The jump recently seen in car insurance premiums for someone who shops around marks the first time that premiums have recorded a significant quarterly increase since winter 2011, AA Insurance has said.
Janet Connor, managing director of AA Insurance, said: "Over the three months ending June 30, the average 'shoparound' quote for a comprehensive car insurance policy rose by 5.2%, an extremely sharp jump.
"That premiums have been falling seems to be the Chancellor's justification for the tax increase but he is wrong. His timing couldn't have been worse; not only are premiums starting to rise but the tax can only lead to even greater premium increases than could otherwise be expected over coming months."
Ms Connor continued: "There is no justification for this underhand and unfair tax increase.
"We strongly urge the Chancellor to reconsider. I hope he doesn't just take note of our findings but acts on them."
Graeme Trudgill, executive director of the British Insurance Brokers' Association, said: "Insurance has been seen as a special case in terms of taxation as it is a social good - enabling people to protect themselves and their assets, alleviating the burden on the state."

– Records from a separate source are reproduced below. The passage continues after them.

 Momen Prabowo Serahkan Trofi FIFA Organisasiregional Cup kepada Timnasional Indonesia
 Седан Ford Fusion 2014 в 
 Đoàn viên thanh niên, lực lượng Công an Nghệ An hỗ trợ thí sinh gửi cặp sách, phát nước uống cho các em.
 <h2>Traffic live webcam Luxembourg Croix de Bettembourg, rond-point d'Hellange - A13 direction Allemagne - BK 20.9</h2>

He said that margins in the insurance industry are "tighter than they have ever been", and the tax hike will result in higher premiums for the public, including the 20.1 million households with contents insurance, 19.6 million with motor insurance and 17 million with buildings insurance.
Mr Trudgill continued: "Young drivers are the most over-represented age group for uninsured driving and increasing the cost of their motor insurance further is likely to increase the level of uninsured driving, which we are aware has now started to deteriorate.
"The increase completely undermines the constructive work that the industry and government have done in the past few years to tackle fraud - particularly with regard to whiplash claims - which previously saw premiums soar."
A Treasury spokeswoman said: "This government has taken real action to bring down the price of premiums for insurance customers: As the Chancellor said at Budget we will cap the charges that claims management companies can apply to their customers and launch a review in the Autumn to look at whether more can be done to give the regulators stronger powers and more resources to protect customers from abuse.
"Insurance premium tax is paid by companies, not individuals, so it is up to them whether they pass costs on to consumers. However, even if they did pass on the whole increase the average motorist's total costs would only increase by 30p a week. With insurance premium tax low by international comparisons, and only 20% of premiums affected, the government's approach for taxing insurers is sustainable, stable and fair."